DATA Block Start

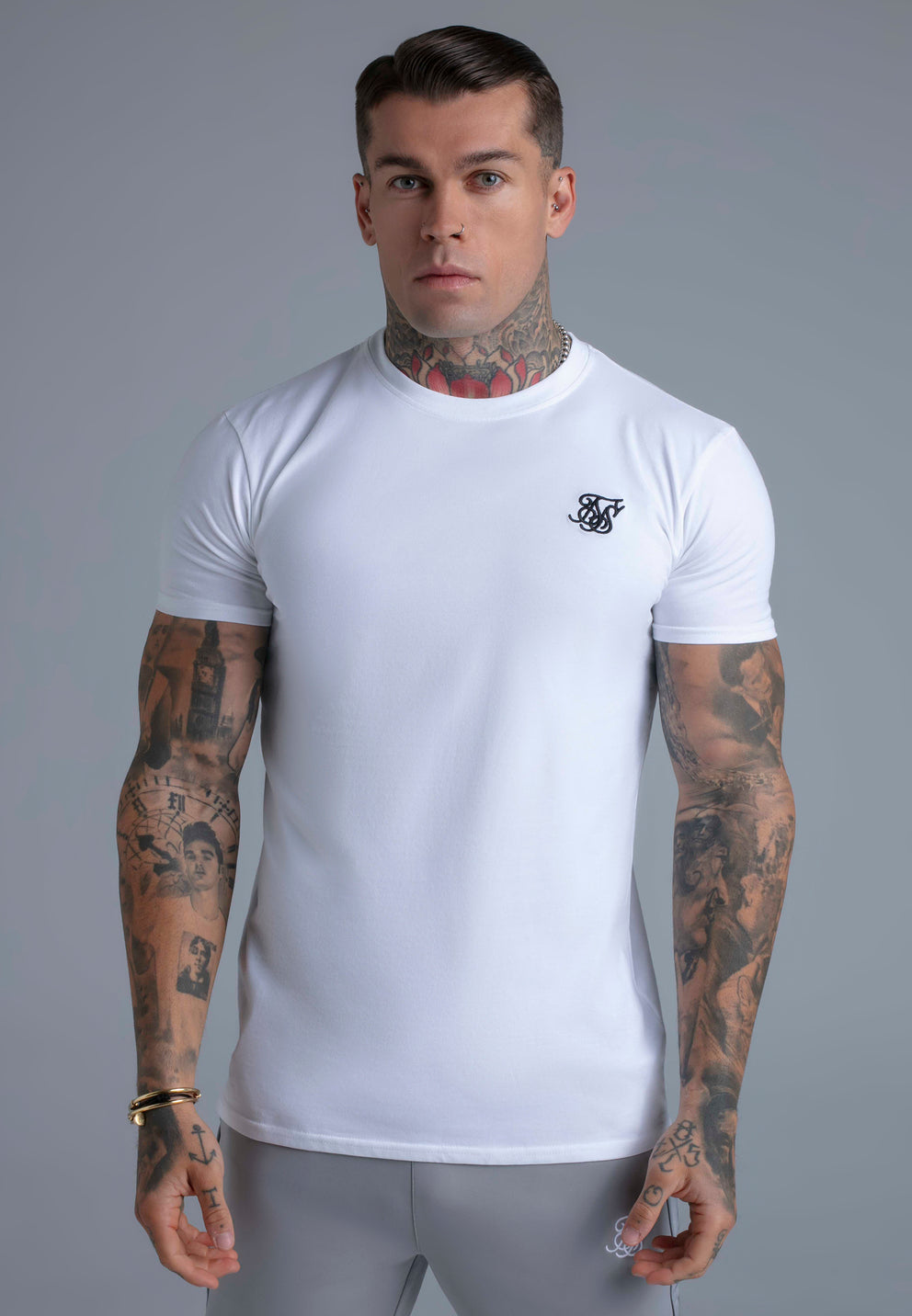 SIKSILK T-Shirt męski biały klasyczny Essentials T-Shirt SS-28609 r. XL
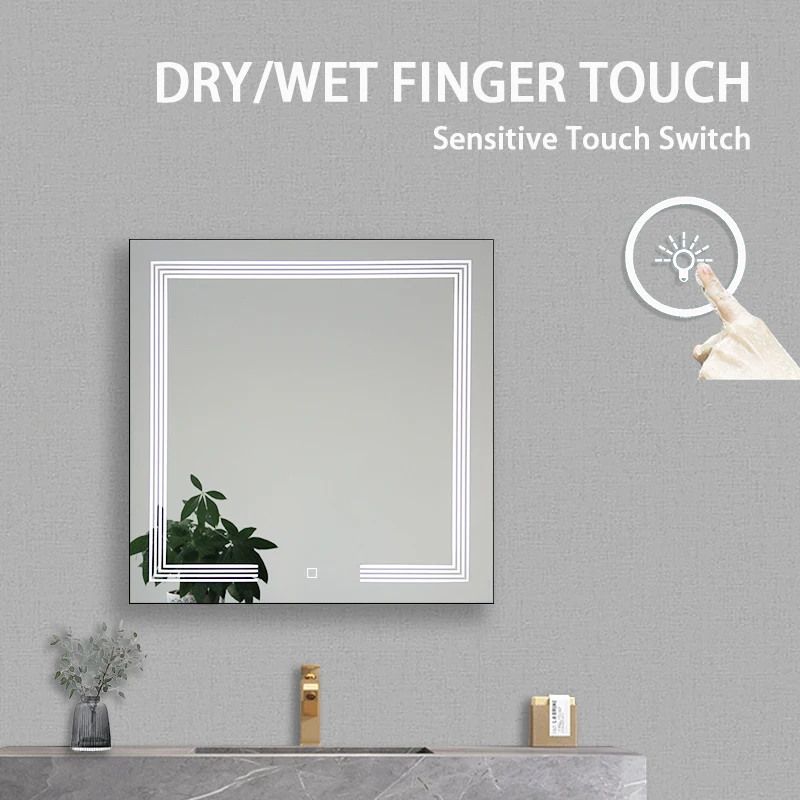 Modern Touch Sensor 80cm Square Wall Mounting Bathroom LED Mirror with Light Illuminated Smart Bathroom Mirror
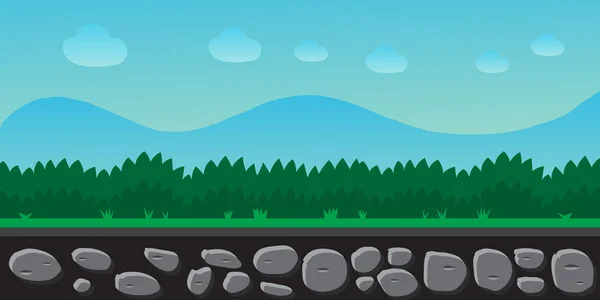 Paisaje natural, fondo para juegos, árboles, montañas . — Vector de stock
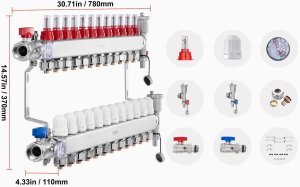 Tece Rozdzielacz ogrzewania podłogowego 12 obw. PEX 1/2 stal z adapterami 2
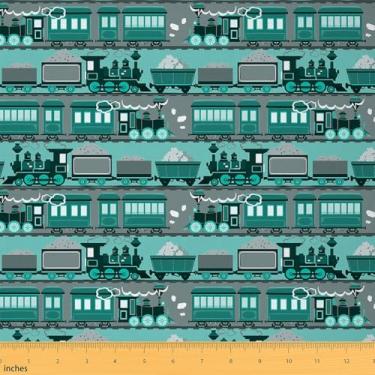 Imagem de jejeloiu Tecido de trem vintage da The Yard 1 jarda azul-petróleo motor ferroviário transporte ferroviário tecido estofado para cadeiras para meninos meninas desenho animado veículo retrô locomotiva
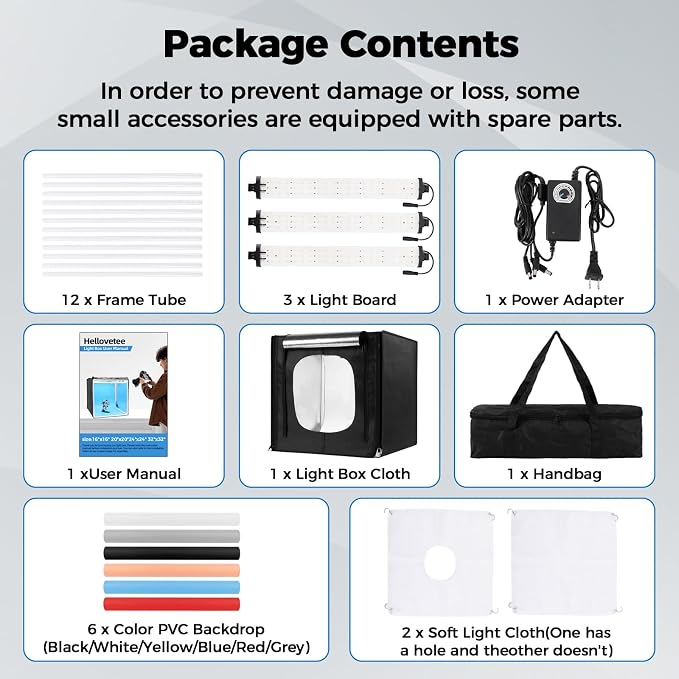 Photo Light Box, Portable 12/16/20/24/32 Inch Photo Studio Light Box, Shooting Tent Kit with 243 Light Beads and 6 Color Backdrops.Lightbox with 3 Stepless Dimming Light Boards for Product Photography - Image 7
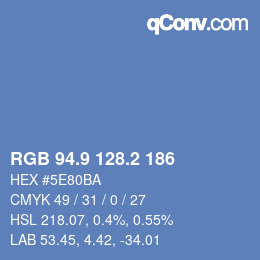 カラーコード: RGB 94.9 128.2 186 | qconv.com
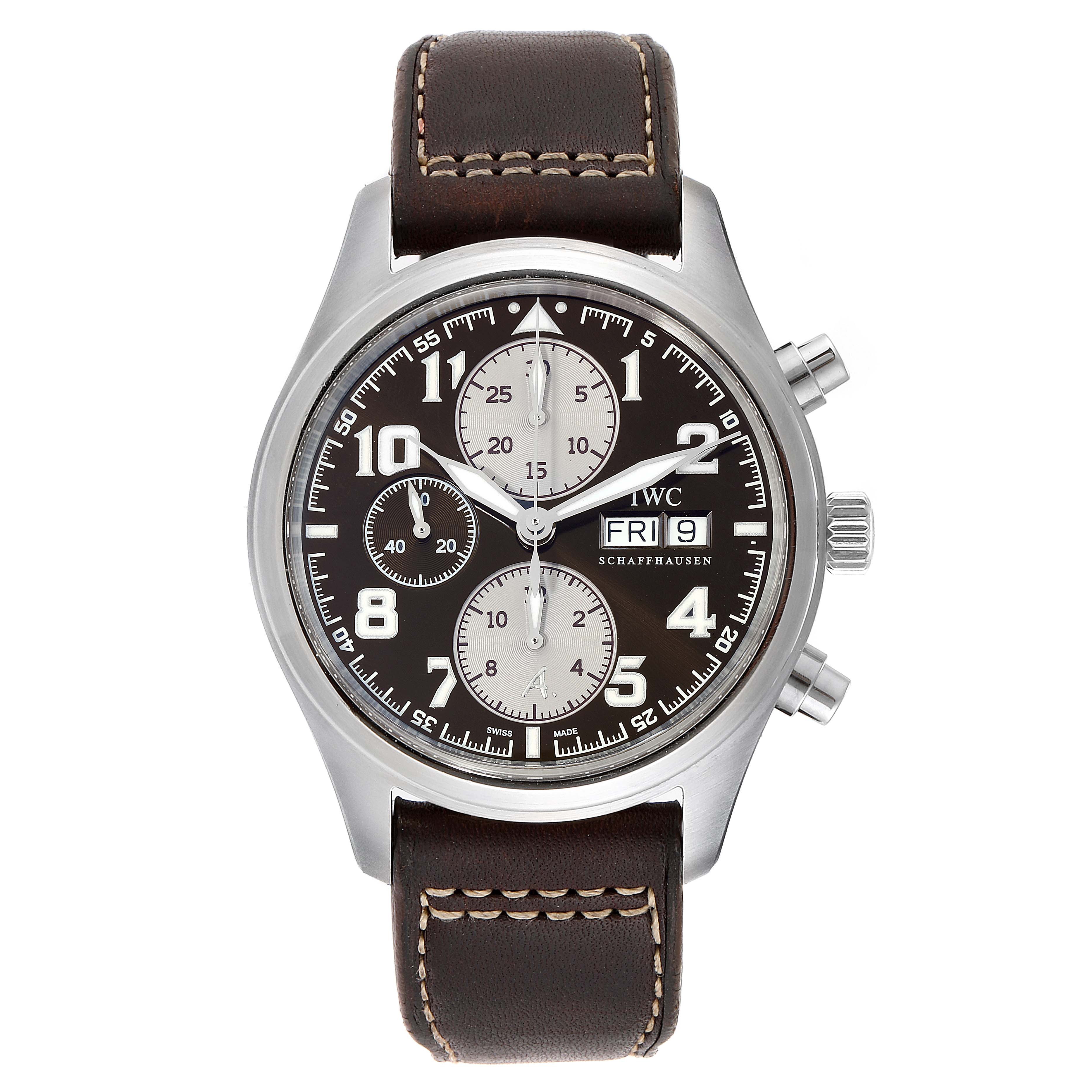 The image shows a front view of an IWC Pilot IW371709 Men's Stainless Steel Brown Dial IW371709 Men's Stainless Steel Brown Dial watch, displaying its dial, chronographs, and leather strap.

DATA Block End

• _HOW TO COMPLETE THIS TASK_:
One exact copy of the data, no pictures: write it out line for line.

• _RESPONSE AREA_:
 SIKSILK T-Shirt męski biały klasyczny Essentials T-Shirt SS-28609 r. XL
 Modern Touch Sensor 80cm Square Wall Mounting Bathroom LED Mirror with Light Illuminated Smart Bathroom Mirror
 Paisaje natural, fondo para juegos, árboles, montañas . — Vector de stock
 Tece Rozdzielacz ogrzewania podłogowego 12 obw. PEX 1/2 stal z adapterami 2
 Imagem de jejeloiu Tecido de trem vintage da The Yard 1 jarda azul-petróleo motor ferroviário transporte ferroviário tecido estofado para cadeiras para meninos meninas desenho animado veículo retrô locomotiva
 Photo Light Box, Portable 12/16/20/24/32 Inch Photo Studio Light Box, Shooting Tent Kit with 243 Light Beads and 6 Color Backdrops.Lightbox with 3 Stepless Dimming Light Boards for Product Photography - Image 7
 カラーコード: RGB 94.9 128.2 186 | qconv.com
 The image shows a front view of an IWC Pilot IW371709 Men's Stainless Steel Brown Dial IW371709 Men's Stainless Steel Brown Dial watch, displaying its dial, chronographs, and leather strap.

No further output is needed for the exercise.